# Wood shed photos



## PaulinNY (Nov 15, 2006)

Im getting ready to build a wood shed. Something around 12' X 24' run in style. Id really like to see some photos of other members sheds. I could use a few ideas.


----------



## Adkpk (Nov 15, 2006)

Here's my shop.


----------



## wdchuck (Nov 17, 2006)

Here's the north facing shed, 26' overall length, 11' depth







Here's the south facing shed 12' length, 11' depth (this was the latest pic, need to take one before filling with wood).






When I get ambitious again the two will be joined and I'll have a nice covered middle to work or park out of the elements, but still have good airflow. Everything has been made out of salvaged skids, a mix of oak3x3x10', and pine. The tin was free or salvage price.


----------



## ciscoguy01 (Nov 17, 2006)

*Pole Barn*



Adrpk said:


> Here's my shop.



Ya can't beat the ole' pole barns dude. That's the way to go...


----------



## jerseydevil (Nov 17, 2006)

*not a shed*

I am working on something, it aint pretty and it aint a shed. It is more like a covered rack. It is made mostly from junk. Our barn was damaged by a tree, so I have a bunch of timbers, 2x4s and standing seem metal roofing. I will post a pic asap. How do I do that? Is it uploaded right from my pc or must it be stored somewhere first? thanks.:biggrinbounce2:
BTY Wdchuck, that is a great stone wall there. How old is it? looks like your house is about as old as mine. Is it registered historic?


----------



## wdchuck (Nov 17, 2006)

jerseydevil said:


> BTY Wdchuck, that is a great stone wall there. How old is it? looks like your house is about as old as mine. Is it registered historic?

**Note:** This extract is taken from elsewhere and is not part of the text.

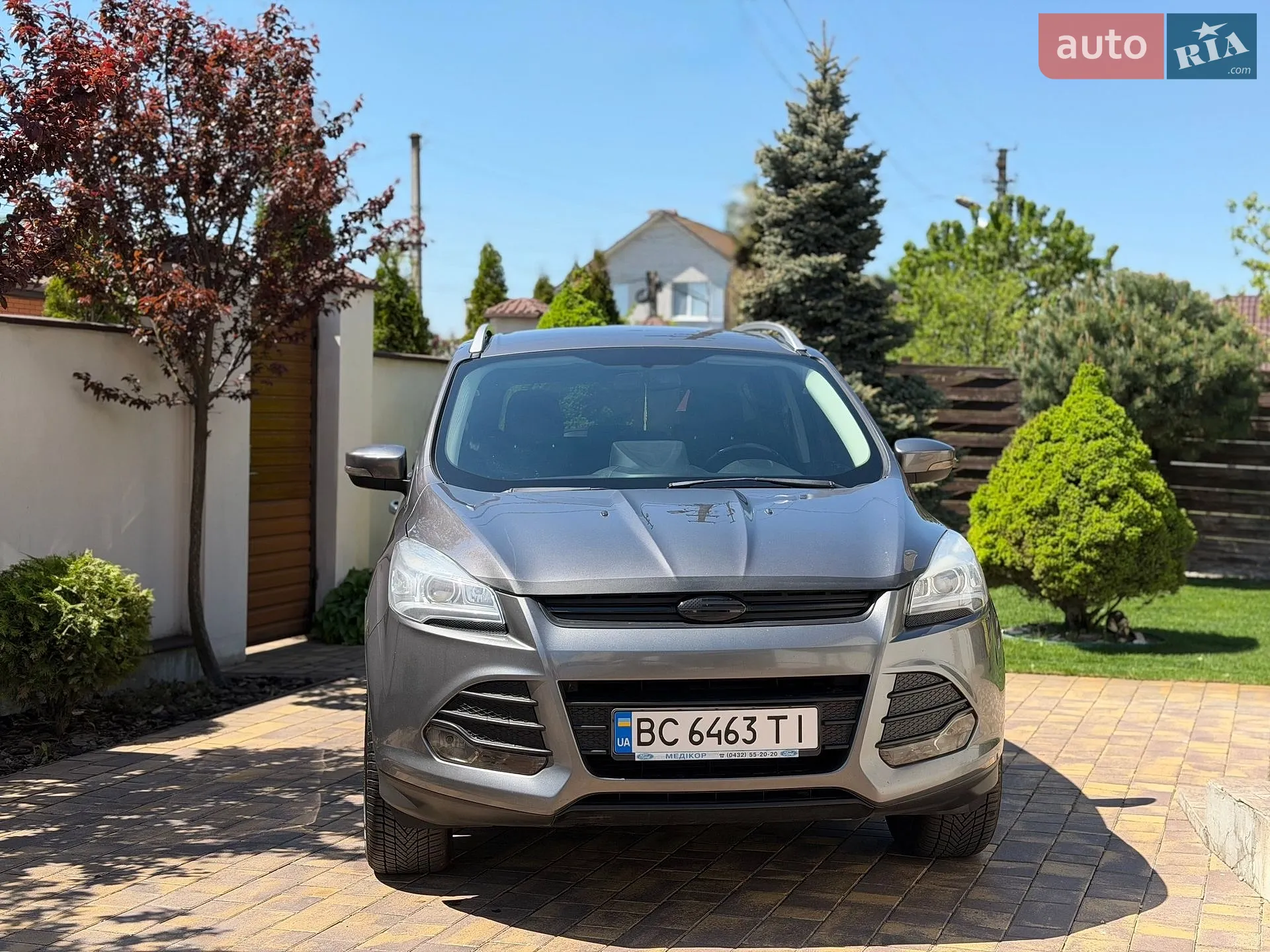 2013 Ford Kuga - мініатюра 5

The stone walls are a barn foundation, 1890or so, the house is not visible in these photos, you might be seeing the top of the garage. There used to be a basket weaving company on the property in the 1850's and there was a trail to the Fort Atkinson running on the backside of the property. That's all the history I know about the place so far. Oh, and Lincoln had his horse stolen in my township.


----------



## Adkpk (Nov 17, 2006)

I agree with the devil there, nice wall. Don't hesitate to send a few more pics of your property and some more history there wdchuck. That was a very interesting post. Thanks. 

Just to come clean on my shed cisco. It's really the frame for my cabin. But it's a shed for now. It's up in your neck of the woods btw.


----------



## ciscoguy01 (Nov 17, 2006)

*Nice*



Adrpk said:


> I agree with the devil there, nice wall. Don't hesitate to send a few more pics of your property and some more history there wdchuck. That was a very interesting post. Thanks.
> 
> Just to come clean on my shed cisco. It's really the frame for my cabin. But it's a shed for now. It's up in your neck of the woods btw.

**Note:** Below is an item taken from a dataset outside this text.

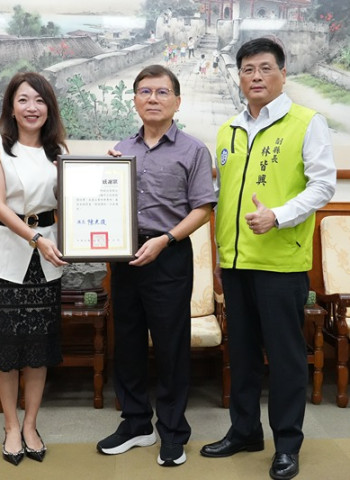 集保結算所攜手澎湖推動公益 助學、醫療雙軌並進 持續照顧離島弱勢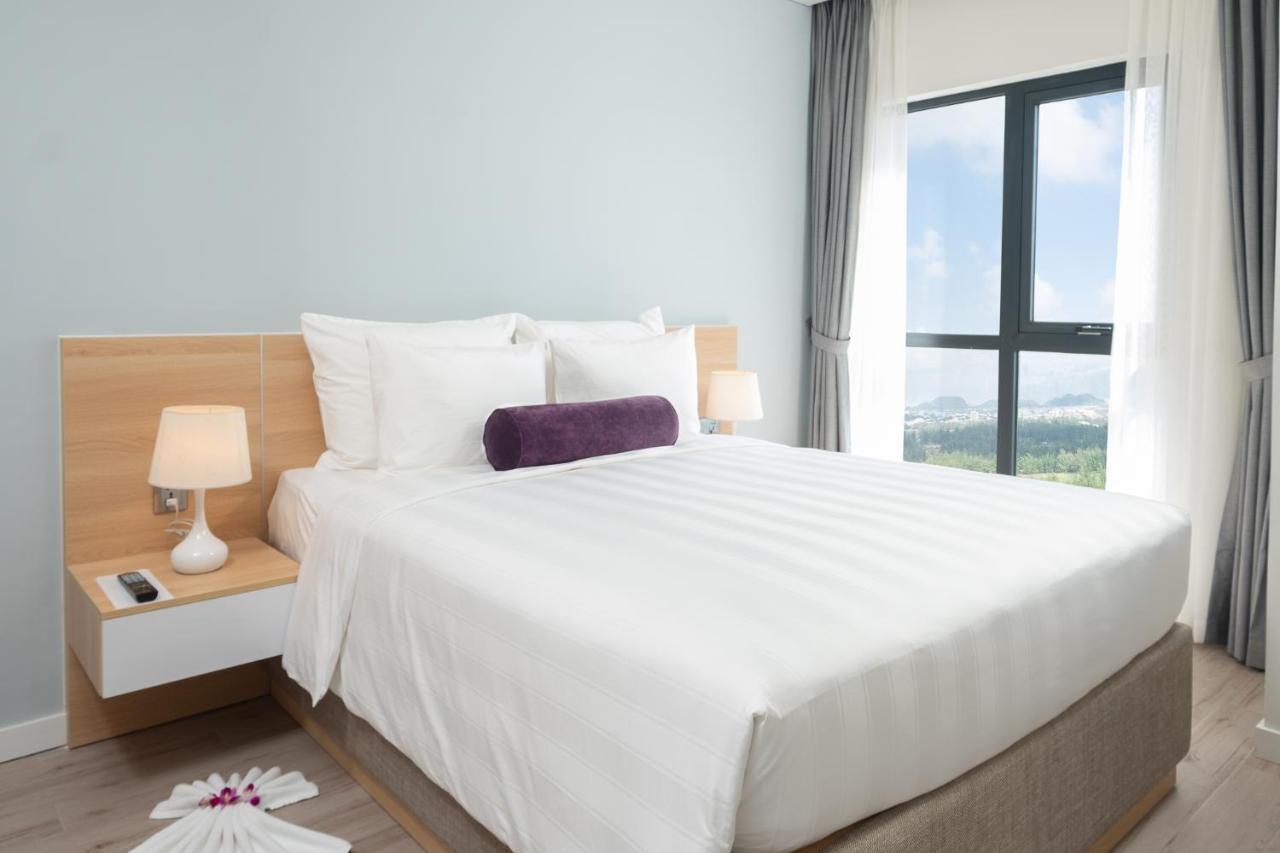 Carinae Danang Hotel Екстер'єр фото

Yur ever up this way lemme know dude. We'll have a brew, maybe I can show you some sites you haven't seen yet eh? There's lots of waterfalls and small peaks with great views that alot don't know about. Take care bud


----------



## PaulinNY (Nov 19, 2006)

*Woodshed*

Some really nice sheds posted. Now i just have to build it between midnight and 5AM so the town authorities dont start taxing me on a structure. Thats Long Island for ya.


----------



## jerseydevil (Nov 20, 2006)

Here in PA you need a permenent foundation like concrete before they tax you. The catch is, I am still taxex on an old pump house foundation that the former owners poured for the pool that is no longer here. So, I figure I'll build a shed on it some day. As it is I just have a few racks of firewood there. You can build on pressure treated lumber, and that will last longer than you!


----------



## jerseydevil (Nov 21, 2006)

Here is a pic of the rack I built. it is not pretty but it should work. I left plenty of room for air circ on the backside. I plan to build another but with some improvements.


----------



## wdchuck (Nov 22, 2006)

*Jerseydevil;*

How's your snow fall average?, that tin looks like it might get a little rippled when the white stuff piles up.


----------



## jerseydevil (Nov 22, 2006)

We usually get a few good storms per year. I am hoping that the center support holds up. I am sure it will. Besides this is just a prototype and the next one will be sturdier.:rockn:
That is three pieces of standing seam roofing overlapped. It should be able to hold quite a bit of snow. There is another 2x4 parallel to the one you see in the middle ,it is about 10 inches away fro the front one.,


----------



## asb151 (Nov 24, 2006)

Here are 2 pictures of the wood shed I built. I used my existing shed as one wall so I only needed 2 walls and a roof. The 4th side is open. The interior is 12x8 and I will stack wood 6ft high so it holds about 4 cord. Its all pressure treated.


----------



## PaulinNY (Nov 25, 2006)

*Wood Shed*

I bought a set of plans for a run in shed on Ebay but its only 12 x 16 . I am planning to use those cement tubes for a footings and pallet floor over a little blue stone. A friend of mine suggested using used railroad ties as a foundation which will supposedly keep it a free floating structure.


----------



## sredlin (Nov 27, 2006)

*Just scored free woodshed*

A farmer near me just gave me this old grainary which I am going to make into a woodshed when I get it moved. 12' X 16' and 10 foot high walls. Should be a dandy.


----------



## wdchuck (Nov 27, 2006)

Very nice indeed. Are you going to put the side sheds back on when you get it settled or make new ones to fit other purposes.


----------



## sredlin (Nov 28, 2006)

I will probably put the side sheds back on after I move it. It would make alot more room for truck trailer tools etc to stay dry.


----------



## wdchuck (Nov 28, 2006)

THat would be nice, especially when the snow starts flying.


----------



## wdchuck (Nov 28, 2006)

*A couple more pics*

http://i59.photobucket.com/albums/g292/woodchuck_photos/woodshed 2006/DSC01912.jpg

This is about as finished as this will get for awhile, time to start filling it up.

-----------

http://i59.photobucket.com/albums/g292/woodchuck_photos/woodshed 2006/DSC01913.jpg

This is part of the long portion that faces north, added the last piece of tin roof, and put some roadside windows in, they slide up about 8" when I want more air flow.
------------

I tried for better stone wall pics, not enough light, try again tomorrow.


----------



## Adkpk (Apr 16, 2007)

Latest shed project. I hope to get some shingles on it over the week. 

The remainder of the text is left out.